Przykład zasłyszany dziś.
Właściciel elektrowni wodnej skarży się mojemu znajomemu.
Za 1 Kw jest mu od 1 stycznia płacone 3,5 gr.
Nie może energii użytkować dla siebie, musi ją odsprzedawać państwu za podyktowana kwotę. Sam nasz przedsiębiorca ten sam Kw energii kupuje za…- 2zł.
Do tej pory otrzymywał kwotę 18 gr, co dawało mu przynajmniej zresetowanie kosztów, które przez 15 lat ponosił, aby uruchomić tą ekologiczną przecież elektrownię.

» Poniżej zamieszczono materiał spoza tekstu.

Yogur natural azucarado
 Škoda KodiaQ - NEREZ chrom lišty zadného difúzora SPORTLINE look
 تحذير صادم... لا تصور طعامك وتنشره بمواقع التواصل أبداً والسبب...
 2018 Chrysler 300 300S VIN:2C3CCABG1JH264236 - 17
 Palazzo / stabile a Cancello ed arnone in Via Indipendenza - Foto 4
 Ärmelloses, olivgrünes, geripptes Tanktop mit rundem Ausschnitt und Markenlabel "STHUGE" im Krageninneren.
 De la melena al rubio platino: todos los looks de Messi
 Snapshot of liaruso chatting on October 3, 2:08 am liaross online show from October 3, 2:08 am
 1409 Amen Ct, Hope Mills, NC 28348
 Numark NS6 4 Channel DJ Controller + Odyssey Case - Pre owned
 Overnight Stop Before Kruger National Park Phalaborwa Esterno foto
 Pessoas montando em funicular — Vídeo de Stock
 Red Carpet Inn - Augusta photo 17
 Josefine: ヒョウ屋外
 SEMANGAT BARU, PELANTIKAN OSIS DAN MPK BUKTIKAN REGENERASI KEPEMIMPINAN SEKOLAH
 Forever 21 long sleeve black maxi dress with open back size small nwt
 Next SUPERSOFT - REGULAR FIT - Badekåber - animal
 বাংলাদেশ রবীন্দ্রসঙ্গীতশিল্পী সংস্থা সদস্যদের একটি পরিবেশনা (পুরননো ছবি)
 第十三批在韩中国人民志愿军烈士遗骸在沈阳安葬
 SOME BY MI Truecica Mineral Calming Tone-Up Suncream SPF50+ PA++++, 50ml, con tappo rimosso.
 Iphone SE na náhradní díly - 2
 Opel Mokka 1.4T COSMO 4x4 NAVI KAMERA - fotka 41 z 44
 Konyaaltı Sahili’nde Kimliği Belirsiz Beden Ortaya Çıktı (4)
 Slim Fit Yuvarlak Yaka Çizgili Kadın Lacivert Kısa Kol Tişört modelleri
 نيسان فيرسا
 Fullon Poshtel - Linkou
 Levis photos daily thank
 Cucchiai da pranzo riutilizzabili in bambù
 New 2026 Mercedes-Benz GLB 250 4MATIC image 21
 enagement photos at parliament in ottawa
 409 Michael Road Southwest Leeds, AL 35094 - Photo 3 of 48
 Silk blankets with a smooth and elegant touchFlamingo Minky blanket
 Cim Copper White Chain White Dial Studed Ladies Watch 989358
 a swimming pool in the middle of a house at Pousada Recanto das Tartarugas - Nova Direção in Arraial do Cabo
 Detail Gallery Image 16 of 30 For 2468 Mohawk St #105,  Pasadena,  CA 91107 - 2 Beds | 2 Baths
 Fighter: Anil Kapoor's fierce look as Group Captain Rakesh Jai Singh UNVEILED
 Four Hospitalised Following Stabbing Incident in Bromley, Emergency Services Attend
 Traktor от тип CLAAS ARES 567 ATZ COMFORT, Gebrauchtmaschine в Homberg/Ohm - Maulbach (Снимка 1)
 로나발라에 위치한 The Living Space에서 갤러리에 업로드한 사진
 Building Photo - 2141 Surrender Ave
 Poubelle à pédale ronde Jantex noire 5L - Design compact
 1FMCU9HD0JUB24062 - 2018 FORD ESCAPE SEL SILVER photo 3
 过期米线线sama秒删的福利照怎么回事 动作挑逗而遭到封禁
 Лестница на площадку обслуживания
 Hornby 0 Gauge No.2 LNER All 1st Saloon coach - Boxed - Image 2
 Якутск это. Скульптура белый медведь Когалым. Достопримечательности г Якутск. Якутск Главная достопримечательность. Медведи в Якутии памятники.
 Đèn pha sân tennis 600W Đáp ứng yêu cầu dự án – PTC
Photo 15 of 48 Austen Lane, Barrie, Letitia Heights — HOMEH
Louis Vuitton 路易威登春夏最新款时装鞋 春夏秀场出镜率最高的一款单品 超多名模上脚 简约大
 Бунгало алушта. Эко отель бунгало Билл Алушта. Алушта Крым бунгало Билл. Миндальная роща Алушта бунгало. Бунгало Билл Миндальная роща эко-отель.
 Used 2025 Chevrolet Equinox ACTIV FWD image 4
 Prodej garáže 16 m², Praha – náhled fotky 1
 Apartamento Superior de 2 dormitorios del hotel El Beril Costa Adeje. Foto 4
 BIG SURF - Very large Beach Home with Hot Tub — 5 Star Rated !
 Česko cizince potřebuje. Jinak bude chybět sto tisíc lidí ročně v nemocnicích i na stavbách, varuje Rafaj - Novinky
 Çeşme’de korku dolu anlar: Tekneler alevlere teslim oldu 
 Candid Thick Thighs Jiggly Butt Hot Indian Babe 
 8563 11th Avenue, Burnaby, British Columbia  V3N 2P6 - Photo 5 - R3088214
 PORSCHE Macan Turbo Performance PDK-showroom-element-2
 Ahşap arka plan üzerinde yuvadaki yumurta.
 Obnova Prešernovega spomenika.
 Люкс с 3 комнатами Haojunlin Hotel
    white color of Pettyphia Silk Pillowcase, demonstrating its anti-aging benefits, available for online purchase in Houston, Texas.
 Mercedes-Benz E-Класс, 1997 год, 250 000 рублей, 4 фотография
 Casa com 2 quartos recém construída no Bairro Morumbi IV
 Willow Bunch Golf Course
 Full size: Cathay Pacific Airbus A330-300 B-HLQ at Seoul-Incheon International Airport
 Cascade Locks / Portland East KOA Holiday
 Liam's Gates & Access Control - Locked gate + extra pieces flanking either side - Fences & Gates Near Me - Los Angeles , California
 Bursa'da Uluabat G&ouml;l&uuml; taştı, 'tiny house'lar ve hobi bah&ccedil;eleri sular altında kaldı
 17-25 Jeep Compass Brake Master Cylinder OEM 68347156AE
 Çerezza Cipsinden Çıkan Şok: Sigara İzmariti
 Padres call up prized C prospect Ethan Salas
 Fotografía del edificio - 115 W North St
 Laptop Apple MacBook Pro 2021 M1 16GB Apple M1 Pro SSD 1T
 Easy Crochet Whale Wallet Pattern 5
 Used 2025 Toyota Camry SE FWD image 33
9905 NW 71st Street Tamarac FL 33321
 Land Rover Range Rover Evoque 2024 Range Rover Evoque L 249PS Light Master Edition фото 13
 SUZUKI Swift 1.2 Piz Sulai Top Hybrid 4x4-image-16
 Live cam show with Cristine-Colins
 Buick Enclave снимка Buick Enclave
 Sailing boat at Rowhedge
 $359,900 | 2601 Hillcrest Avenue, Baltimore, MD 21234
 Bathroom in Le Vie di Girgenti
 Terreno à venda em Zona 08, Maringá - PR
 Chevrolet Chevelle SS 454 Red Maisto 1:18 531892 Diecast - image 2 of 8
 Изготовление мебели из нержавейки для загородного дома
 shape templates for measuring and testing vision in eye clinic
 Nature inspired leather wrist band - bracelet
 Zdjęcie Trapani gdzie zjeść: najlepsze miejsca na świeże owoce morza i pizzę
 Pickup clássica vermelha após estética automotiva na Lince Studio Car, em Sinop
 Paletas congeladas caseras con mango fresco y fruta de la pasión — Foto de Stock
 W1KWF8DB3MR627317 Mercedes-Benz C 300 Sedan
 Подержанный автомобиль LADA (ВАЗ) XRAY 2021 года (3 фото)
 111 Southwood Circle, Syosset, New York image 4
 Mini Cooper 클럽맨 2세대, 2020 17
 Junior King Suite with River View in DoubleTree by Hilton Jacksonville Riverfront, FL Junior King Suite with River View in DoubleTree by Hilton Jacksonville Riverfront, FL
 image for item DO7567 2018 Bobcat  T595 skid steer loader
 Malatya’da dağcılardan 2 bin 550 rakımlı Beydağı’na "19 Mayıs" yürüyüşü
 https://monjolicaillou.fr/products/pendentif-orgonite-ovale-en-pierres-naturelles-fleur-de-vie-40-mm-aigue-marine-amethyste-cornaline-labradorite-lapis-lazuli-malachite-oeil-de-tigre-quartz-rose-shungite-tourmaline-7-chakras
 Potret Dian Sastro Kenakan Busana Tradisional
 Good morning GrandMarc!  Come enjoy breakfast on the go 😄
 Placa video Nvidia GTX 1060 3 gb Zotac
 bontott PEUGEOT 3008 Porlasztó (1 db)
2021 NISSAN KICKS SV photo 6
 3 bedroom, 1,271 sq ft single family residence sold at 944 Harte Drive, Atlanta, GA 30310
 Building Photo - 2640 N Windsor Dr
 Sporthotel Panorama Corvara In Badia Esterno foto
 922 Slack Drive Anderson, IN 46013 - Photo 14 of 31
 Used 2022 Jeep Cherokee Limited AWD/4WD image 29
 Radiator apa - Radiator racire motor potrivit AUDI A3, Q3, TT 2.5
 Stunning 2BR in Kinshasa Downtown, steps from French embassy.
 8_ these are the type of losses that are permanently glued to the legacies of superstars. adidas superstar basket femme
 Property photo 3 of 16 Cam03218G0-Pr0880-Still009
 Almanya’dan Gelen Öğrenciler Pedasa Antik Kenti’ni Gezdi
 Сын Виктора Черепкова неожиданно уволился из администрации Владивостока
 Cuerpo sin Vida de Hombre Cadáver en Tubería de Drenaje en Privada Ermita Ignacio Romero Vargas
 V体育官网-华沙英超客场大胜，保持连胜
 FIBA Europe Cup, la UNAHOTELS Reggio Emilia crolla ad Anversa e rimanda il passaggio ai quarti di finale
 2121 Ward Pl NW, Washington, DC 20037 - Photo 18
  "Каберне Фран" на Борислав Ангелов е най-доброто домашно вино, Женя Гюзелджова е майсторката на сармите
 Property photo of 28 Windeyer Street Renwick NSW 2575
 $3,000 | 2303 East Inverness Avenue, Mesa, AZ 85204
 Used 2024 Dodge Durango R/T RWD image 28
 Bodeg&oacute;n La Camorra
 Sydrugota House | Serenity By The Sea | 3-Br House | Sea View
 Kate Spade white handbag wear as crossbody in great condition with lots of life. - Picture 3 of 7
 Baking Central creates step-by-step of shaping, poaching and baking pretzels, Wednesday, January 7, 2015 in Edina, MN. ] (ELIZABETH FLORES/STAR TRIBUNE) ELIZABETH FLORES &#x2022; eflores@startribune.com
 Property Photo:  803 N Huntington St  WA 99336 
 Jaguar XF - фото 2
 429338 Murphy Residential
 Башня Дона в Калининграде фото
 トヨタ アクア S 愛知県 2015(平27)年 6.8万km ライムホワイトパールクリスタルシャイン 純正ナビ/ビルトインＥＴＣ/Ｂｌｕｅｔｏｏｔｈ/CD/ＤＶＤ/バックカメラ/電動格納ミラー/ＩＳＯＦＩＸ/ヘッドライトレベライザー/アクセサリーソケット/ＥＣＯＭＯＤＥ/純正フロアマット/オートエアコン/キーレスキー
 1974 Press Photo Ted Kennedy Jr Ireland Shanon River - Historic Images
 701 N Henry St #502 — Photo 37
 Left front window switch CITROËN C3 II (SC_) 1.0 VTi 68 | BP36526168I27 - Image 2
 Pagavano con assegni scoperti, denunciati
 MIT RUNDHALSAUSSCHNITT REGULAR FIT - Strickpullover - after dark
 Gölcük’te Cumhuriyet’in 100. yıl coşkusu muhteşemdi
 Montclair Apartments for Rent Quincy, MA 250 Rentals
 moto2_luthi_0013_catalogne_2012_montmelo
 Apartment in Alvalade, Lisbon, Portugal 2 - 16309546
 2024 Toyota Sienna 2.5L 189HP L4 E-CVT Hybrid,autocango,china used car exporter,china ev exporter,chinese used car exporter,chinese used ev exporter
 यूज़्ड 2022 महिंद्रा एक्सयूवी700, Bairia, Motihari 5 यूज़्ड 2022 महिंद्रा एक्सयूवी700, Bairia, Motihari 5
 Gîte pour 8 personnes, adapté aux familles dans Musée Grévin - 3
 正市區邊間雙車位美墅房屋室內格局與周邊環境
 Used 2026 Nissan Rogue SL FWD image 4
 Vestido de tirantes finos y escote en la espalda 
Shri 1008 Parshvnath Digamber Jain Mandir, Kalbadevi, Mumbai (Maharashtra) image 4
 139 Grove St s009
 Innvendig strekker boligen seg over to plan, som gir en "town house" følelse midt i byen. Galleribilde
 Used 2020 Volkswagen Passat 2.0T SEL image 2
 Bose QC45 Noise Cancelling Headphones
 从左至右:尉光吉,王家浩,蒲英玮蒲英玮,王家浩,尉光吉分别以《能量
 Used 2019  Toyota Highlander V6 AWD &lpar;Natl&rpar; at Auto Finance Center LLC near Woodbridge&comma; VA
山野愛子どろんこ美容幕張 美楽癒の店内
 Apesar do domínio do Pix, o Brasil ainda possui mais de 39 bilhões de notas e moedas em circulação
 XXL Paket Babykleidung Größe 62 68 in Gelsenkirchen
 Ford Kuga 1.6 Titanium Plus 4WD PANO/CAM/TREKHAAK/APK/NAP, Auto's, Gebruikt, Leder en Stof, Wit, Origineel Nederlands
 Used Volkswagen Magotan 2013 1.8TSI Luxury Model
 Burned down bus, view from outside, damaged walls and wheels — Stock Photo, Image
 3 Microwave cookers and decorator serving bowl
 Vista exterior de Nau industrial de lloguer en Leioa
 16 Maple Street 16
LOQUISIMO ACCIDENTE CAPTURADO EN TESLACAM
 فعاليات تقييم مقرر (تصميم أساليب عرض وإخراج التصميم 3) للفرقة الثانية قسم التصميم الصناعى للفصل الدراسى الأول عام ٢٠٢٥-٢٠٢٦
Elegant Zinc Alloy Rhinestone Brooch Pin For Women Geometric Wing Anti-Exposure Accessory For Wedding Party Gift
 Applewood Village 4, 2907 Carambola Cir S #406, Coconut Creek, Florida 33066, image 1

O co chodzi w tym wszystkim? O walkę z ekologią? O zniszczenie drobnych przedsiębiorców – hobbystów, którzy przecież włożyli niewspółmiernie wiele wysiłku do uzyskanych zysków z przedsięwzięcia.
O co chodzi???
Ciekawe zagadnienie. Przypuszczam, że nie chodzi ani o ekologię, ani o niszczenie przedsiębiorców, a po prostu o węgiel i jego ochronę jako podstawowego surowca energetycznego w Polsce. Sytuacja ma wyglądać podobnie także w przypadku elektrowni wiatrowych i fotowoltaiki, co uczyni takie przedsięwzięcia opłacalnymi w bardzo wąskim zakresie. Ktoś więc na tym straci. Moim zdaniem sytuacja trudna do oceny przez wzgląd na strategiczny sektor gospodarki. Co myślicie?